BEGIN MATERIALS PROVIDED

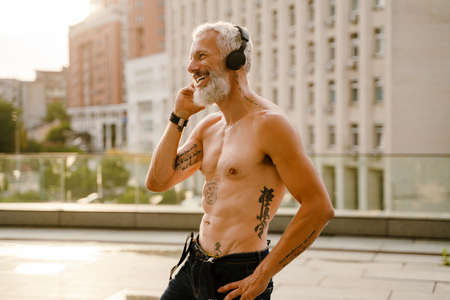 Shirtless mature man listening music with headphones while standing outdoorsの写真素材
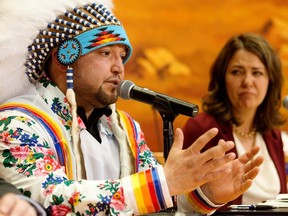 Enoch Cree Nation Chief Cody Thomas, left, takes part in a news conference on Monday, April 24, 2023, where he signed a memorandum of understanding with Premier Danielle Smith for the development of a new 75-bed recovery facility on the First Nation.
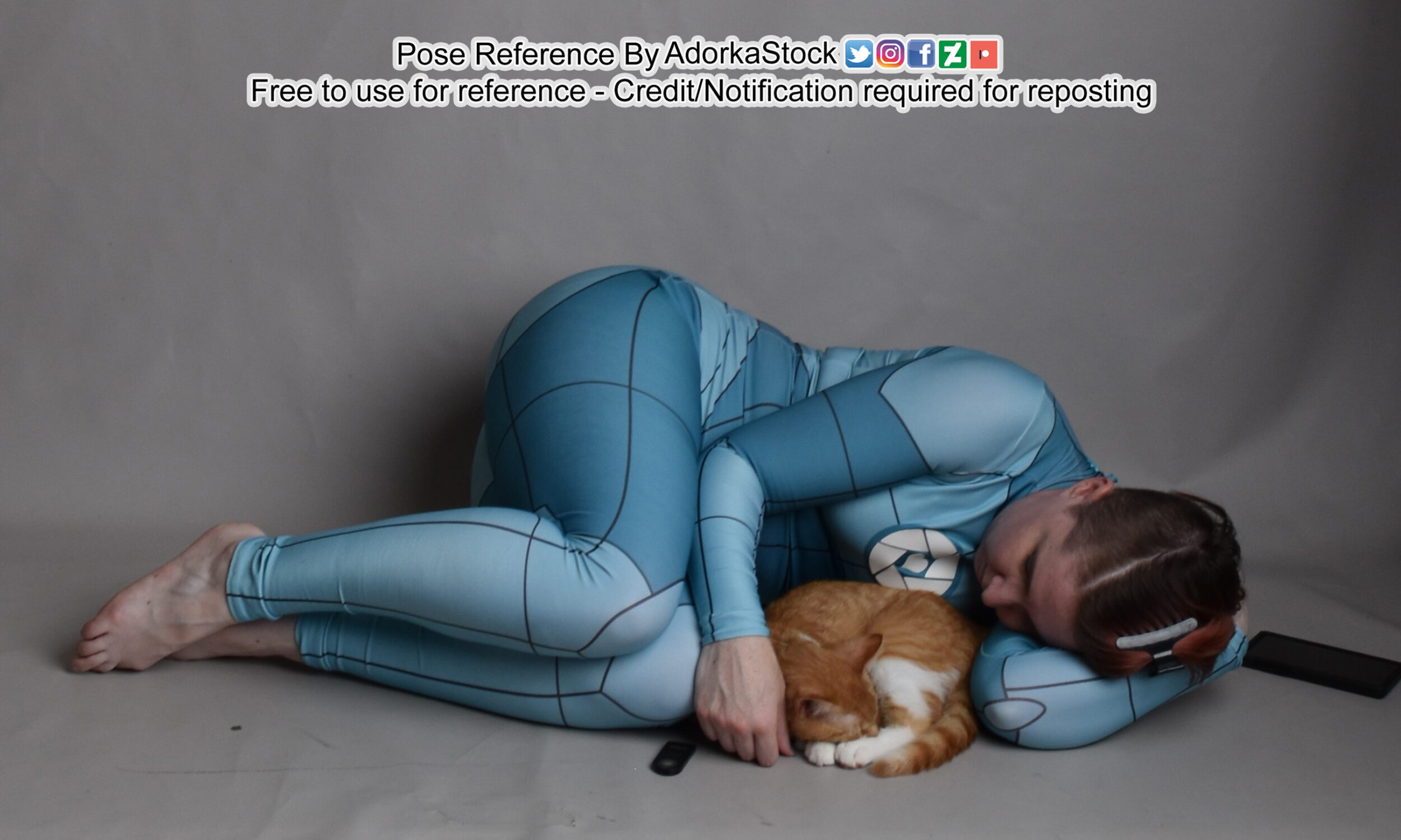 Thin white model in a grid suit curled up on the floor around a small orange and white cat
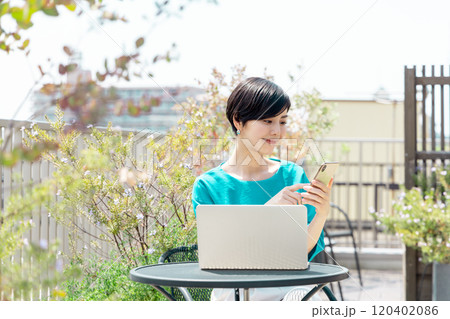 テラスでテレワークをする女性 120402086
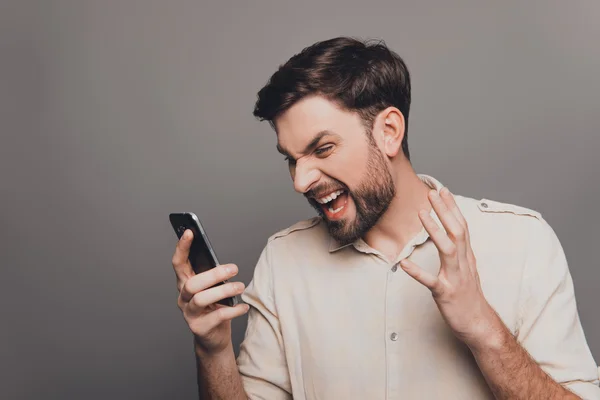 Portrait of overworked sad businessman holding phone and yelling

END MATERIALS PROVIDED

With the pictures left out, copy exactly the lines from the one containing "Thin white model" through the final line of the records above, both included.

RESULT FOR THIS EXERCISE>
 Thin white model in a grid suit curled up on the floor around a small orange and white cat
 テラスでテレワークをする女性 120402086
 Portrait of overworked sad businessman holding phone and yelling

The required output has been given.